Extracted records
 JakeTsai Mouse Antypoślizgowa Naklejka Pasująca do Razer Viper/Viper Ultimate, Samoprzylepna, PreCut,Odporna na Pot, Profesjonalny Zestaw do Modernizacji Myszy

---

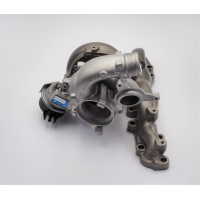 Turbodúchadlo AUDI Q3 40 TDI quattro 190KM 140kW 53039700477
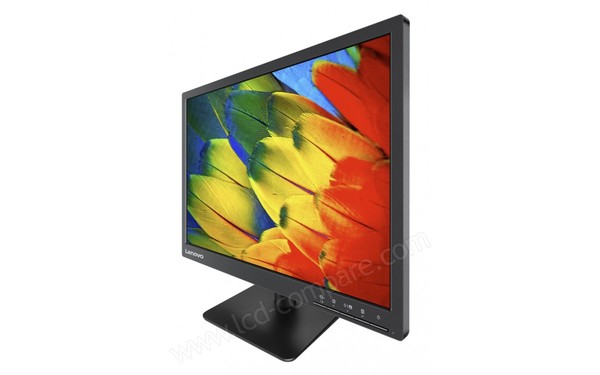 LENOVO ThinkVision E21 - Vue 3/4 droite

Directions for this task
When copying from the data above, print only the lines from the line containing "Turbodúchadlo AUDI Q3" to the line containing "LENOVO ThinkVision E21 - Vue 3/4 droite", exactly, and leave the pictures out.

Result of this exercise
 Turbodúchadlo AUDI Q3 40 TDI quattro 190KM 140kW 53039700477
 LENOVO ThinkVision E21 - Vue 3/4 droite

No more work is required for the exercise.